## Material provided

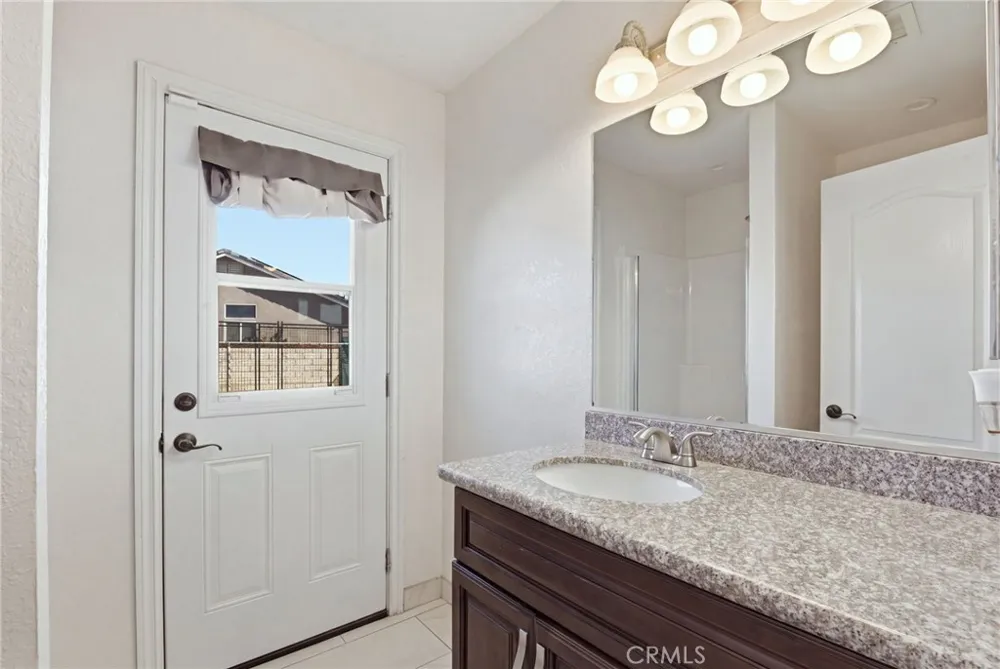 18810 Siesta Apple Valley, CA 92307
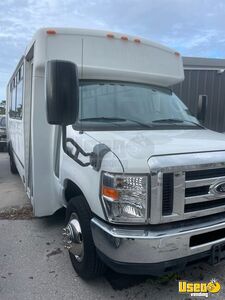 2013 E450 Champion Shuttle Bus Shuttle Bus Sound System Florida Gas Engine for Sale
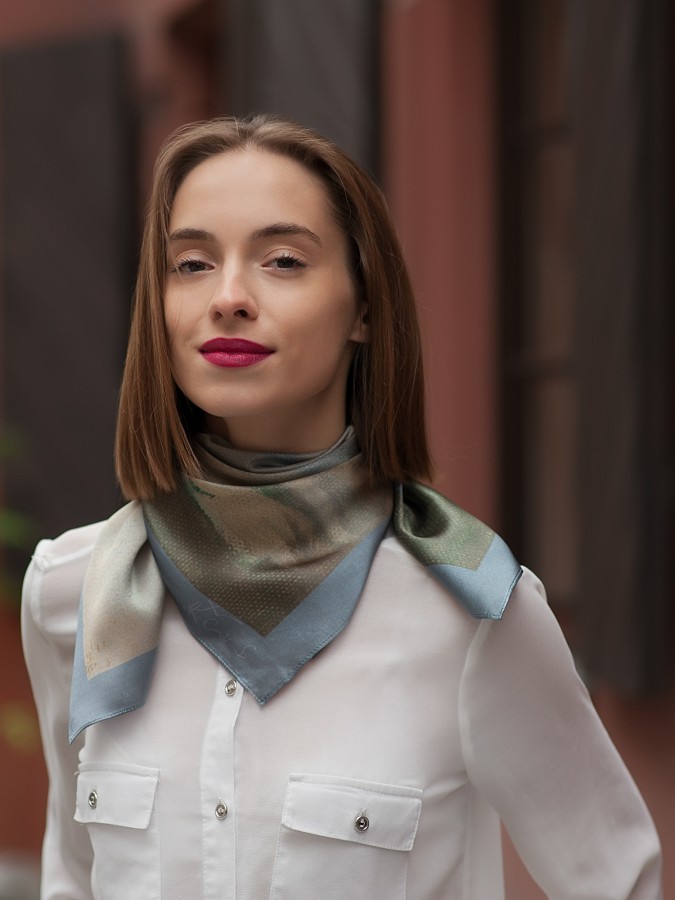 Šilkinė skarelė M. K. Čiurlionis „Vakaras“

## Task brief
Your response should reproduce the entire listing verbatim, minus the pictures.

## Exercise answer
 18810 Siesta Apple Valley, CA 92307
 2013 E450 Champion Shuttle Bus Shuttle Bus Sound System Florida Gas Engine for Sale
 Šilkinė skarelė M. K. Čiurlionis „Vakaras“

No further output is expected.